京都・南丹に新たな炭焼き小屋完成 住民建築、寒さしのぎながら火の番

炭焼き小屋を建てる住民ら(南丹市園部町天引)

 京都府南丹市園部町天引で住民らが炭焼き小屋を建てた。そばにある窯を使う際、寒さをしのぎながら火の番ができる。炭は道の駅や朝市の人気商品で、森林の循環にもつながることから、住民らは「地域の核になる仕事を安定的に継承する拠点ができた」と喜ぶ。

 森林に恵まれる天引では炭焼きが盛んだった。約40年前に途絶えたが「天引の活性化と未来を考える会」は2016年、使われていない窯を補修し、忘れられつつあるなりわいを復活させた。70代以上の5人ほどが冬場に焼き、バーベキュー用によく売れるという。

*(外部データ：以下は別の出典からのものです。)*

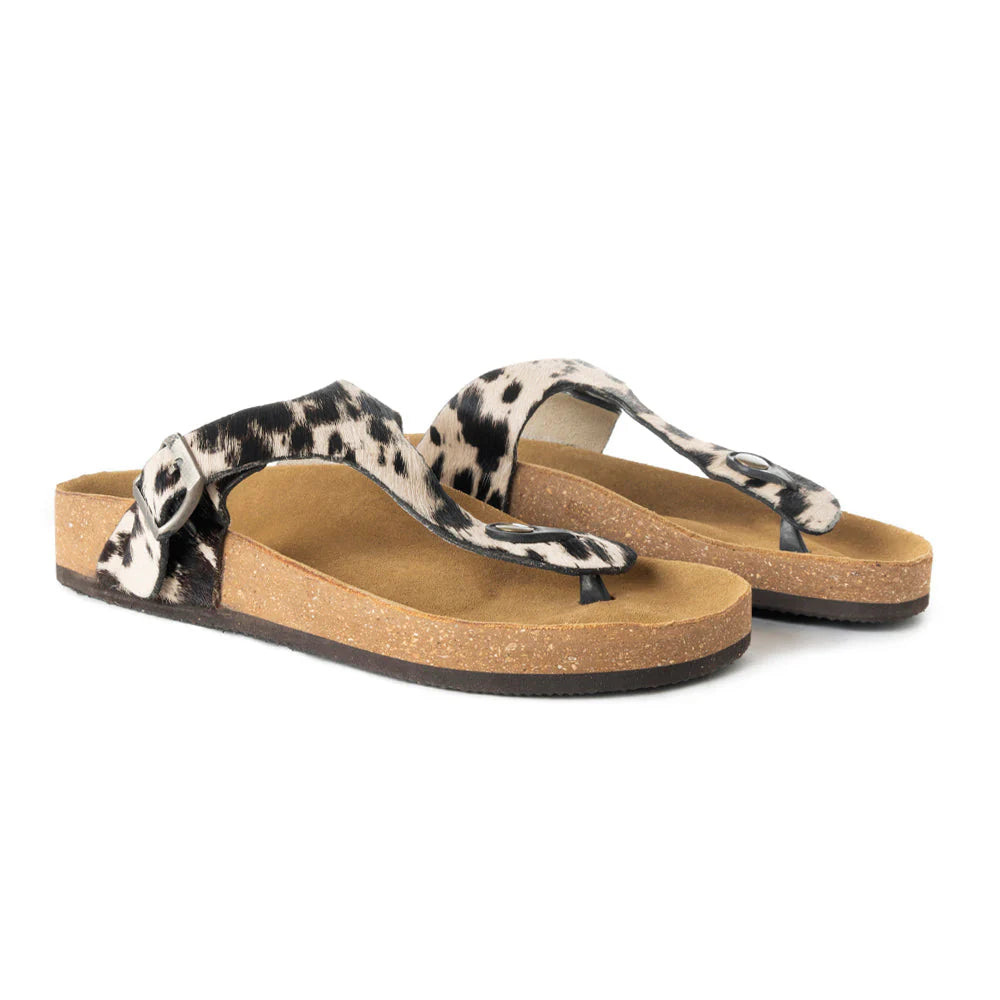 Chino Western Hand Tooled Black & White Cow Print Sandals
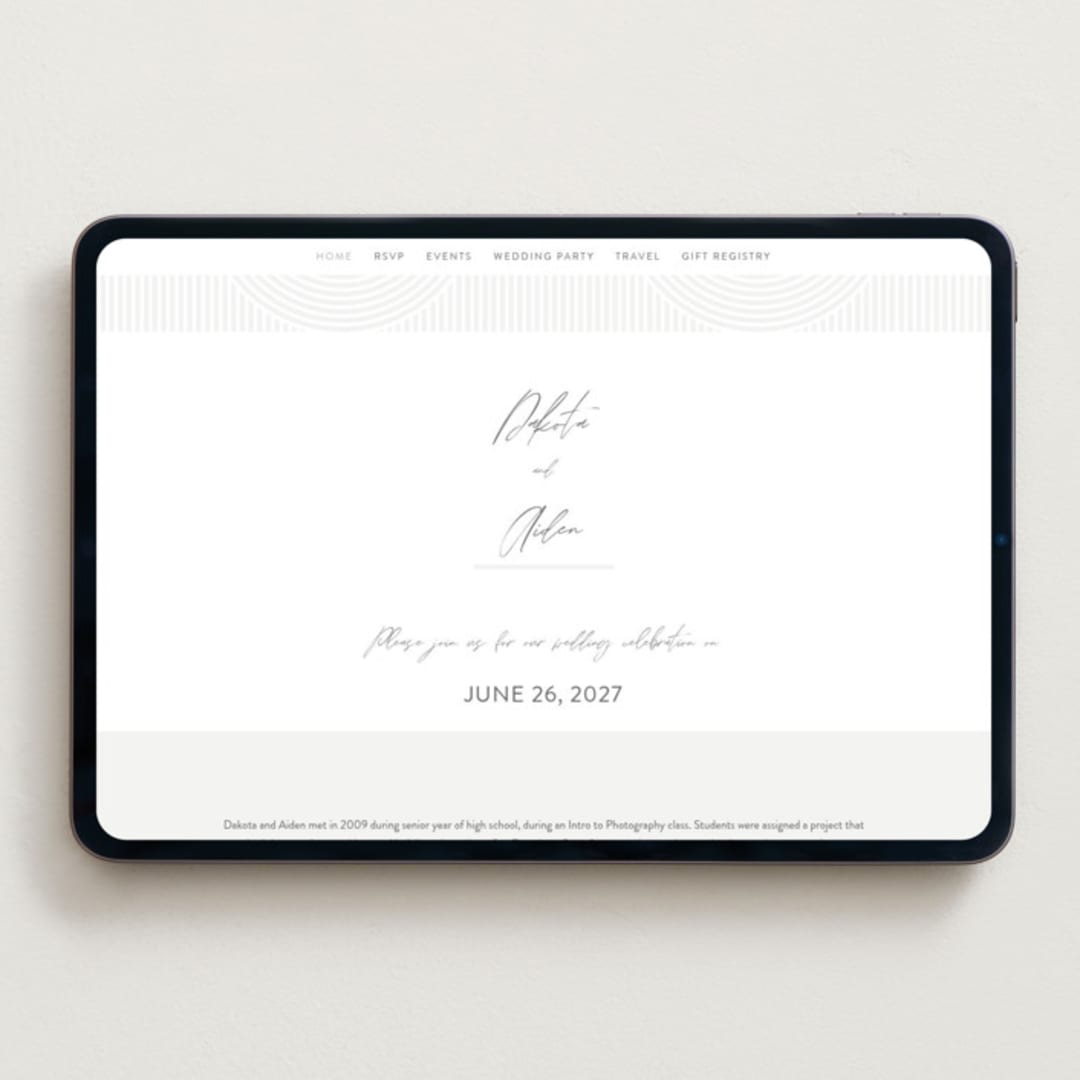 "Art Deco" - Wedding Website in Pewter by Shannon Chen of Four Wet Feet Studio - Desktop Design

 焼け具合を判断するため、煙の色を一日中見守る。寒さゆえに自動車の中で過ごしていたが、継承してくれる若者や興味のある地域外の人と一緒に煙を見たり、研修をしたりできる小屋を建てた。

 作業は7月下旬から8月上旬に行い、大工仕事が得意な大塚克幸さん(69)の音頭で、多い日は約10人が参加。完成した小屋は幅3.5メートル、奥行き4メートルの平屋で、窯を見るための窓を設けた。大塚さんは「木を見せる外観で山の中の風景になじませた」と語った。

 炭焼きの中心メンバーで同会の奥村睦夫元会長(85)は「大きく育ったクヌギを切って炭にすれば、山の管理になる。若い人にも加わってほしい」と話した。